● Problem details
Pictures in the listing do not belong in the copy, which should repeat exactly the lines from the one holding "10 Ferienwohnung m. Seeblick am Hafen in..." through the last line.

● Stored data
________________________________________

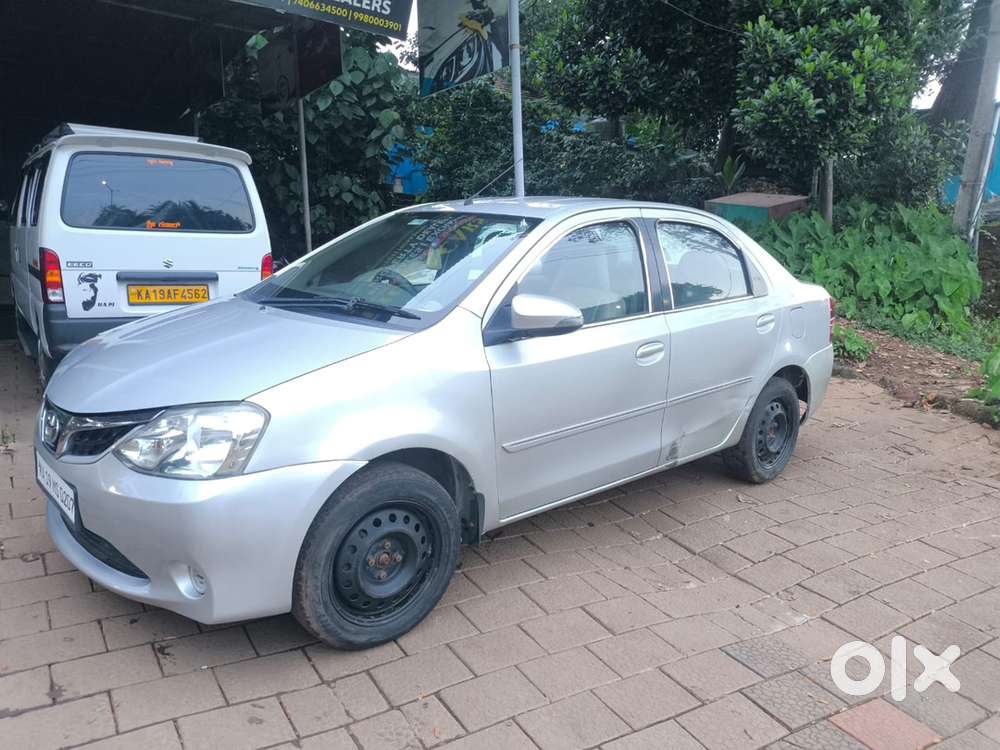 Toyota Etios Diesel 2015 Showroom Maintenance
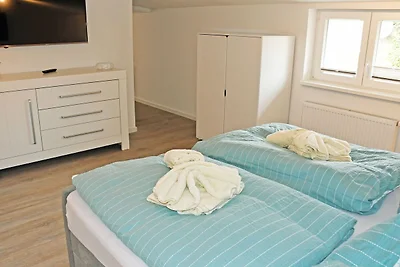 10 Ferienwohnung m. Seeblick am Hafen in...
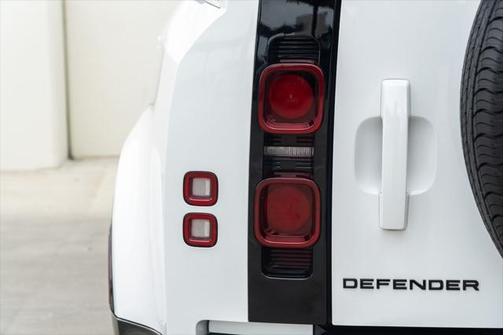 2024 Land Rover Defender X-Dynamic SE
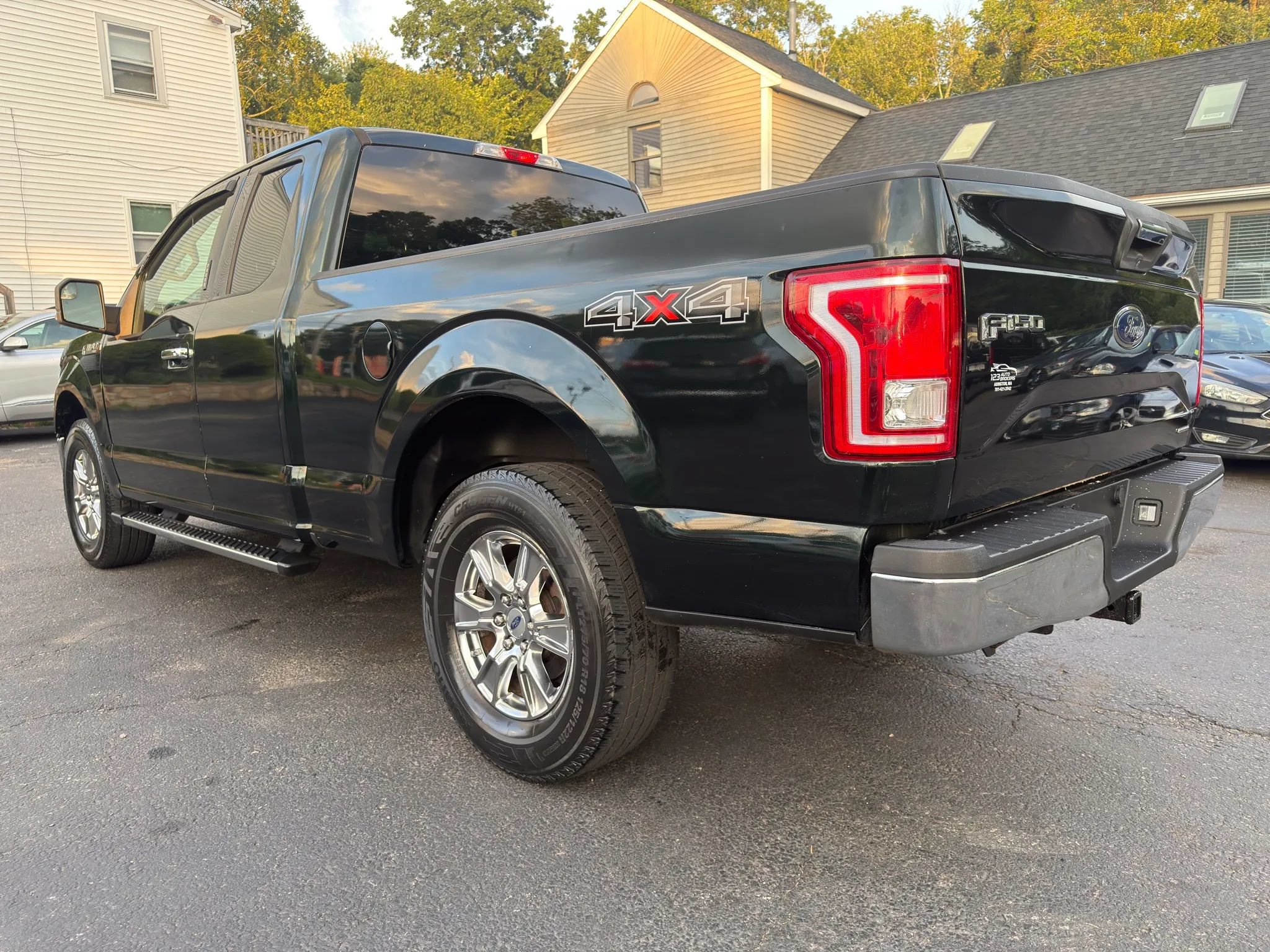 Used 2016 Ford F150 XLT w/ Equipment Group 301A Mid AWD/4WD image 5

________________________________________

● Problem solution
 10 Ferienwohnung m. Seeblick am Hafen in...
 2024 Land Rover Defender X-Dynamic SE
 Used 2016 Ford F150 XLT w/ Equipment Group 301A Mid AWD/4WD image 5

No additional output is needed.